Please remember the opinions expressed on Patient Power are not necessarily the views of our sponsors, contributors, partners or Patient Power. Our discussions are not a substitute for seeking medical advice or care from your own doctor. That’s how you’ll get care that’s most appropriate for you. 

Andrew Schorr:

So let’s go on. And then now we get into these inhibitors. So, Nicole, what are we inhibiting? What are we inhibiting?

Nicole Lamanna:                

So as we were saying before, as we’ve been starting to learn about the biology of the CLL cells, there happens to be a whole pathway about how the CLL cells develop. And there are proteins that are involved in sort of the survival of the CLL cells. And I’m trying to make this as basic as I can, so stop me or ask questions if you need to. But there [are] many proteins that are responsible for your CLL cells living and thriving. And so now we’re learning about each of those proteins. And not only do they have an implication in CLL, but other lymphomas, and even other cancers. And so we’re targeting some of these proteins. So again, kind of a little different than the monoclonal antibodies that are targeting CD20, and are targeting that particular protein. We’re targeting some other proteins that are involved. 
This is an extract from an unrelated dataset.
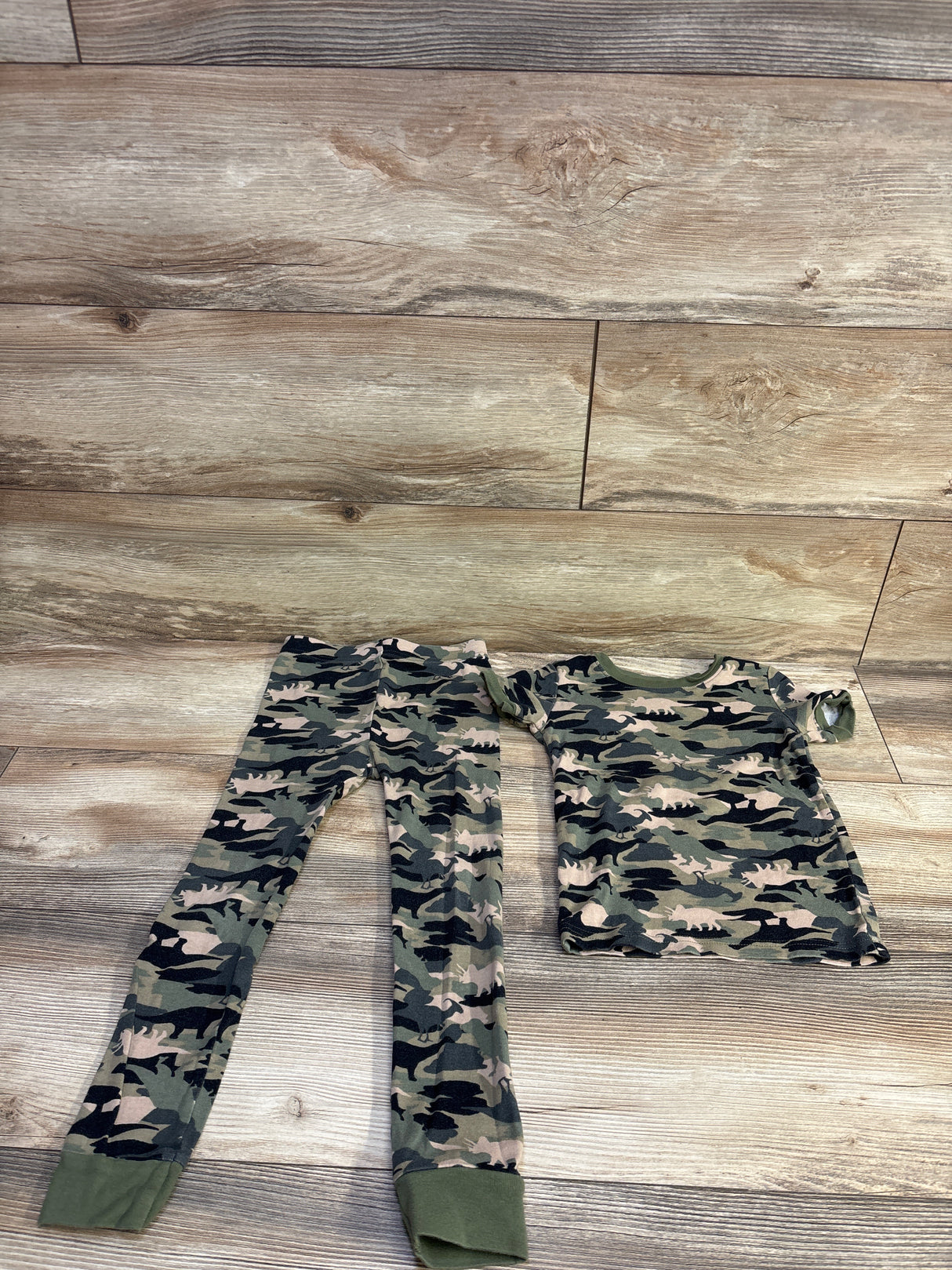 Old Navy 2pc Dino Camo Pajama Set Green sz 5t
And so these inhibitors are each a little different by focusing on a different protein along one of these very significant pathways that are involved in your CLL cells, and actually normal B cells. And so we can talk about each of them if you want. 

Andrew Schorr:                  

Right. So these are approved in the U.S., and you can see, again, the generic name and the trade name as well. Okay. So you now have these to decide. Typically, they’re used for people who’ve already had other treatment?

Nicole Lamanna:                

So up until recently, these were all—so I’m gonna just quickly go through some of them, but I know we’ll talk more about them. So Ibrutinib was the first to be approved. That is what they call IBTK, or ibrutinibkinase inhibitor, initially improved for patients with relapse, so people who have already received prior therapy or patients with a 17P deletion. Obviously, as more and more data has come to light, now this is recently approved for all patients regardless, whether you are untreated or not, with CLL.

So you can now get ibrutinib (Imbruvica) untreated or previously treated. Idelalisib (Zydelig) is what they call a PI3 kinase inhibitor, so a different protein, that is approved only in relapsed patients in combination with rituximab (Rituxan). And venetoclax is a Bcl-2 inhibitor. This is just recently approved. Actually, a couple weeks ago? 

Andrew Schorr:                  

Just a few weeks ago, yeah.

Nicole Lamanna:                

A couple of weeks ago for patients who have had previously treated 17P deletion. So that’s the current indication. So yes, they are all approved but slightly different.

Andrew Schorr:                  

Okay. And we saw with ibrutinib that now it’s available and approved and hopefully paid for for a wider group of CLL patients. 

Nicole Lamanna:                

Correct.

Andrew Schorr:                  

What about these other drugs being used more widely and approved and paid for? What about that?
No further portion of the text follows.